Around the world, more and more nations seem to be pushing for safety guarantees; the Prime Minister of Finland met with Joe Biden to discuss the potential inclusion of Finland as a major non-NATO U.S. ally and reiterated that he believed Finland could join NATO overnight. Whether this remains the case is unknown, but out of all prospective members, Finland’s military is the most readied and professional, though nowhere near that of Russia and Ukraine.
Additionally, 16,000 volunteers have pledged to go to Ukraine and fight, with more joining in the coming days. Within this force are several veterans from the most professional units in the world, with NATO training and a deep understanding of special operations. These special forces are force multipliers, coming from the same units that trained insurgencies that have taken down numerous powerhouses during the initial stages of invasion, like Iraq, ISIS, and Afghanistan.

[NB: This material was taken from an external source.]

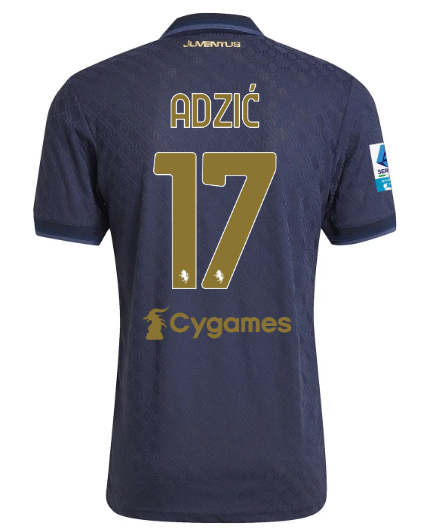 Official JUVENTUS THIRD AUTHENTIC JERSEY 202425 – 17 – ADZIĆ – Serie A Pack Collection - Juventus FC Gear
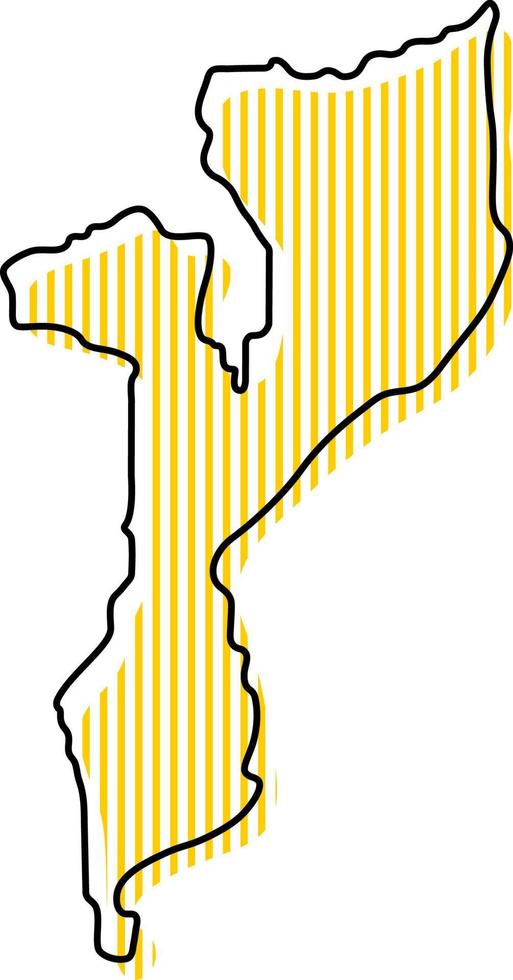 carte simple stylisée de l'icône mozambique. vecteur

Speaking of former invasions, many have tried to refute claims of a Russian military failure, outrageously comparing the invasion as more successful than the Blitzkrieg of Poland or the invasion of Iraq. Beyond the obvious fact of not having used accurate intel (maps cited by these ‘sources’ claimed Russian troops had overrun almost all of Eastern Ukraine..on the third day), there is the simple question of what Russia has done with its forces so far. Their initial campaign was an incredible failure, focusing primarily on shock and awe, which had only temporary effects on Ukrainian morale. This did not translate well in the subsequent invasion, as they failed to achieve air superiority and later lost several transport aircraft and helicopters to botched operations. Only about a week later did they manage to take a single city, which has since provided a fierce resistance to the military administration, through protests and refusing to cooperate with Russian media. Troops have been lost, picked off and killed, or captured, with no idea of where they were in Ukraine or the objectives of their invasion. And in response to this failure, Putin ordered the targeting of civilian infrastructure and residences, making the possibility of a long-term annexation or normalized relations improbable.